Se advierte, además, este elemento perturbador: el debilitamiento de
las instituciones republicanas no afecta gravemente la popularidad de
nuestros populistas y puede que en algunos casos la robustezca. Esto se
confirma en el caso de Nicolás Maduro, que aunque no está en el grupo de
los más populares, porque su aprobación se sitúa en 43 por ciento,
tiene cifras más altas de las que merece cualquier régimen que haya
hecho escarnio de la democracia, como ha sido, desde 1999, el caso del
chavismo. Esta no parece ser, para muy amplios sectores de la población,
un factor determinante.
Lo tercero y último que rescato de la clasificación entre “populares
anormales”, “impopulares anormales” e “impopulares normales”, es que la
última categoría, que es quizá la más importante, porque da la pauta
continental, implica una mezcla de dos tipos de gobierno: los que han
hecho las cosas razonablemente bien y los que no. Por ejemplo, es obvio
que hay una aparente incoherencia entre las excelentes cifras económicas
del gobierno de Piñera y su nivel de aprobación, que está por detrás de
gobiernos con menos pergaminos. Acompaña en este grupo a Piñera, por
ejemplo, la Presidenta Rousseff, bajo cuyo gobierno la economía de
Brasil ha crecido muy poco y experimenta unas deficiencias que han
llevado a cuestionar el modelo de desarrollo a sectores muy influyentes
del país.
Si le sumamos a eso el serio déficit ético del PT, el partido
gobernante, uno pensaría que, tal como funciona la popularidad
presidencial en el subcontinente, Brasil debería estar en el grupo de
los “impopulares anormales”. Es cierto: Dilma ha tenido gestos valientes
y drásticos contra la corrupción del gobierno anterior. Pero no es
menos cierto que Lula, el antecesor, goza de una gran popularidad y por
tanto, confirma que el déficit ético no resulta un problema grave para
la aprobación de un mandatario o mandataria que representen al PT.
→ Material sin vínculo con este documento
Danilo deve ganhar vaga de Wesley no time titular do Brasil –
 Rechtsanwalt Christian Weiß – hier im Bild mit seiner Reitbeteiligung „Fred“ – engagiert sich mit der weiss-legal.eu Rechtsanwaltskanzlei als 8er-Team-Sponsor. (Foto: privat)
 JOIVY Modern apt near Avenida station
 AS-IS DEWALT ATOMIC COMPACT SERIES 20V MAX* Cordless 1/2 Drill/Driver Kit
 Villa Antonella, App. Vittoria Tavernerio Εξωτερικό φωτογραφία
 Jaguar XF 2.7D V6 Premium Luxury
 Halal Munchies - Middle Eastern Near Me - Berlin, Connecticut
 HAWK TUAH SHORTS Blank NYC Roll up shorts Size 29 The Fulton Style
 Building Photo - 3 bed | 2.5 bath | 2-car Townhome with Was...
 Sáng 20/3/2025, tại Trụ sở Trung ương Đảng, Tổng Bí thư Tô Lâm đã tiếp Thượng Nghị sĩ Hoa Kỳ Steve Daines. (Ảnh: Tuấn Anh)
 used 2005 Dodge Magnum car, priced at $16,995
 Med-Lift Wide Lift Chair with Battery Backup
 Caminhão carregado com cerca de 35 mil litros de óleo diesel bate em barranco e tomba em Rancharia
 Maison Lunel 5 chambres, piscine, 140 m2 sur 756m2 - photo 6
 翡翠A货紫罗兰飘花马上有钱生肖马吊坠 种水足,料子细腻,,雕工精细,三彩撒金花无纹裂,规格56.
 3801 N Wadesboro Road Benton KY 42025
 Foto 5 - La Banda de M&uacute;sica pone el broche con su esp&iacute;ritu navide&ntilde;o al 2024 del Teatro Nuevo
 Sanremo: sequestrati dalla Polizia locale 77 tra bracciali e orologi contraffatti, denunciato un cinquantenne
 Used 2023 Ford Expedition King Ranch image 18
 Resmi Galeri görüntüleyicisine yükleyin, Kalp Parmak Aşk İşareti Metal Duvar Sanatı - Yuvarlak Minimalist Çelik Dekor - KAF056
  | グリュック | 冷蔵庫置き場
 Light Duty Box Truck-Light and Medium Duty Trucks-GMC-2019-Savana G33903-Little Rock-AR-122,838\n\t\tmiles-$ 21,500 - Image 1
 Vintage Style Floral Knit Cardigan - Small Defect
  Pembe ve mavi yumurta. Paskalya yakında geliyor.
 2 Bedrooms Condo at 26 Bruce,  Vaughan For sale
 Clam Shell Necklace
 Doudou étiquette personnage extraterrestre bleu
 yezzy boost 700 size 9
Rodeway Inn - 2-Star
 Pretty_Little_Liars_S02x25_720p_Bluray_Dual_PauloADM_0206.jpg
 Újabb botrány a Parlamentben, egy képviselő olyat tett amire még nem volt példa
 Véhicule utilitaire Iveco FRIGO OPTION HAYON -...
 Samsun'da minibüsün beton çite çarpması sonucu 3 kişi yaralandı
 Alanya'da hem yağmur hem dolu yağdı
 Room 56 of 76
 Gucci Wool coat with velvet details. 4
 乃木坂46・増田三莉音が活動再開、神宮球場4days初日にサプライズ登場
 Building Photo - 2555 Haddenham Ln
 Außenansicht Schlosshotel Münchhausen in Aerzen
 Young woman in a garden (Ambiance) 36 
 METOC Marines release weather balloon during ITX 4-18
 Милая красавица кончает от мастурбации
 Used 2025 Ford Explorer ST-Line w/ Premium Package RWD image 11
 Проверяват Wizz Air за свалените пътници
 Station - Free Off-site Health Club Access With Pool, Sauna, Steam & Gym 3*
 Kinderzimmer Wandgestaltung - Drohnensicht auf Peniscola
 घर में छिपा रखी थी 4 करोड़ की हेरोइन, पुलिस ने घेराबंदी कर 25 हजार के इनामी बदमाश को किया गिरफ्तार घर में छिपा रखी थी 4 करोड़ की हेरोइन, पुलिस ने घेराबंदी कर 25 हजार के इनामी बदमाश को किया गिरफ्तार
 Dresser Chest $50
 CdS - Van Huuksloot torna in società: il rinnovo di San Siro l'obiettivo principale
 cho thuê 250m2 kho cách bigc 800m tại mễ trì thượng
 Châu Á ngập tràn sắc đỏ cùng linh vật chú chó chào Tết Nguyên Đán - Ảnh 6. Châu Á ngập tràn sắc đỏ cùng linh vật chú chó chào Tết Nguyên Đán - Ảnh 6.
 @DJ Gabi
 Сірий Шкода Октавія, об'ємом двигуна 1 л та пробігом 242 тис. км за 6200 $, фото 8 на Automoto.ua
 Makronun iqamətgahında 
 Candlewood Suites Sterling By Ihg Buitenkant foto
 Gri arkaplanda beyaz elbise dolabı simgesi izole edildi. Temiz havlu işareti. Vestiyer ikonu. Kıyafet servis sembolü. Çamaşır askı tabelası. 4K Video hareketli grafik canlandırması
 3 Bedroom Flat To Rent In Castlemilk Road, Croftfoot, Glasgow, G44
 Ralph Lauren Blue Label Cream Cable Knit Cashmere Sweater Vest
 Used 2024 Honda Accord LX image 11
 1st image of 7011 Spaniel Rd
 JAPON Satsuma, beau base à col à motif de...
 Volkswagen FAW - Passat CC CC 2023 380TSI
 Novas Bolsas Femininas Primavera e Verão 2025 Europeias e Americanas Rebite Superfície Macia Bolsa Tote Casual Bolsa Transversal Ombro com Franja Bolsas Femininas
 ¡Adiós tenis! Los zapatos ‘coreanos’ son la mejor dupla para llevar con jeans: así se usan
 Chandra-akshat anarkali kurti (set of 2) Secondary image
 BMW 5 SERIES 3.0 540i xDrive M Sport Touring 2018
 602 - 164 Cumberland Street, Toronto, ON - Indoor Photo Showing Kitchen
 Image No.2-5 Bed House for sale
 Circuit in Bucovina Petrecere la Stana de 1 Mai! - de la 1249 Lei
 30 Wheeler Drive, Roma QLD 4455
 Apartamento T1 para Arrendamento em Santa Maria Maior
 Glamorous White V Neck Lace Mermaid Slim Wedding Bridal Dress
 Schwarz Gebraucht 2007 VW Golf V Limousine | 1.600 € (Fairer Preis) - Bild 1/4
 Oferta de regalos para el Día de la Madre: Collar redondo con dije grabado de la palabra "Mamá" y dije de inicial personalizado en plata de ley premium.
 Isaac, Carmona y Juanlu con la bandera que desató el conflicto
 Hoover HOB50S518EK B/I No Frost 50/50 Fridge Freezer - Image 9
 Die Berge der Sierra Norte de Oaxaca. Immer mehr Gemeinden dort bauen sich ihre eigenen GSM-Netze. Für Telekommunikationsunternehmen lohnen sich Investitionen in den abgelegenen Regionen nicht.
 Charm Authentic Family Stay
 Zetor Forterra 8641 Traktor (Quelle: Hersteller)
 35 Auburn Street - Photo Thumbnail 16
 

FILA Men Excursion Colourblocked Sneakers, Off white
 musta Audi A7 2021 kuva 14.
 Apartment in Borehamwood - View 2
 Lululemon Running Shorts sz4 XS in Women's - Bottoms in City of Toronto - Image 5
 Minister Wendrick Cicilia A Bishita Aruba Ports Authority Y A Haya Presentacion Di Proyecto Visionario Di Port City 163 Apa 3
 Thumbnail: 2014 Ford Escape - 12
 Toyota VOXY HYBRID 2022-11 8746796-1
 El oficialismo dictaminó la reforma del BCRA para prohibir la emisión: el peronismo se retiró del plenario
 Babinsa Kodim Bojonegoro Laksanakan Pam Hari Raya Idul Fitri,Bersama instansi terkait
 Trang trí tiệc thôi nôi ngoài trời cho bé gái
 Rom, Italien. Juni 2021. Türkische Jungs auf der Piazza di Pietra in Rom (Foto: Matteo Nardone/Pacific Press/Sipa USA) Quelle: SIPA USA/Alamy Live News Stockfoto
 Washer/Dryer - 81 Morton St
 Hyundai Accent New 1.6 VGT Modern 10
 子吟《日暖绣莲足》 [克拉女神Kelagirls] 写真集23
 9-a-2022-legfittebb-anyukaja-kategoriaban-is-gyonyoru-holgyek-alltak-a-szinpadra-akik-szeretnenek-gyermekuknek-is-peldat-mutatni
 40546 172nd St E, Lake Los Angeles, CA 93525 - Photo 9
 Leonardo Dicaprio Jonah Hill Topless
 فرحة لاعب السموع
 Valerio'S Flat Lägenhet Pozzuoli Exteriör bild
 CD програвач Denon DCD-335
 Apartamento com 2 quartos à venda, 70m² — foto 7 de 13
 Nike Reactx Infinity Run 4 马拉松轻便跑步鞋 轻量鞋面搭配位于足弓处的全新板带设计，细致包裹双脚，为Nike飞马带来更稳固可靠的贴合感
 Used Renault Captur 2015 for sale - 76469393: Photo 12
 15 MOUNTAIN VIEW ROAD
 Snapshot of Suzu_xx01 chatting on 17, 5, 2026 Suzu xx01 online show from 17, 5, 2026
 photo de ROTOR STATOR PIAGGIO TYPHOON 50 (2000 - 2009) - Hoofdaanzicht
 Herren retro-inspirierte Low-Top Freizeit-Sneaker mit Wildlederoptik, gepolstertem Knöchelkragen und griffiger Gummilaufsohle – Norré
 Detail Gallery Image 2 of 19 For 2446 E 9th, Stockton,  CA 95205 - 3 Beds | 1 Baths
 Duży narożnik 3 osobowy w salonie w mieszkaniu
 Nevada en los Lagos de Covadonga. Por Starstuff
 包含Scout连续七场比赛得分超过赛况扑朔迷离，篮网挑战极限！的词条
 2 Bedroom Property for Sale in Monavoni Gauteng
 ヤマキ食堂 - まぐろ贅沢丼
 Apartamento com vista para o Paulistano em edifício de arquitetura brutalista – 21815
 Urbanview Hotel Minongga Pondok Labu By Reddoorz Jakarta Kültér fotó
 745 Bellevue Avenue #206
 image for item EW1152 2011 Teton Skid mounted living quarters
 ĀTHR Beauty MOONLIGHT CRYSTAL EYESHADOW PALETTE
Mencioné anteriormente el hecho de que varios de los gobernantes más
populares son hoy populistas con rasgos autoritarios. Quizá haya una
relación entre eso y el hecho de que los gobernantes respetuosos de la
democracia no cosechan una recompensa en el sentimiento ciudadano por
respetar el estado de derecho. Tal vez sea una confirmación de que la
democracia y el estado de derecho gozan de una popularidad precaria,
como lo señalan las encuestas que miden esto a escala subcontinental de
tanto en tanto. Si es así, hay allí una permanente señal de peligro.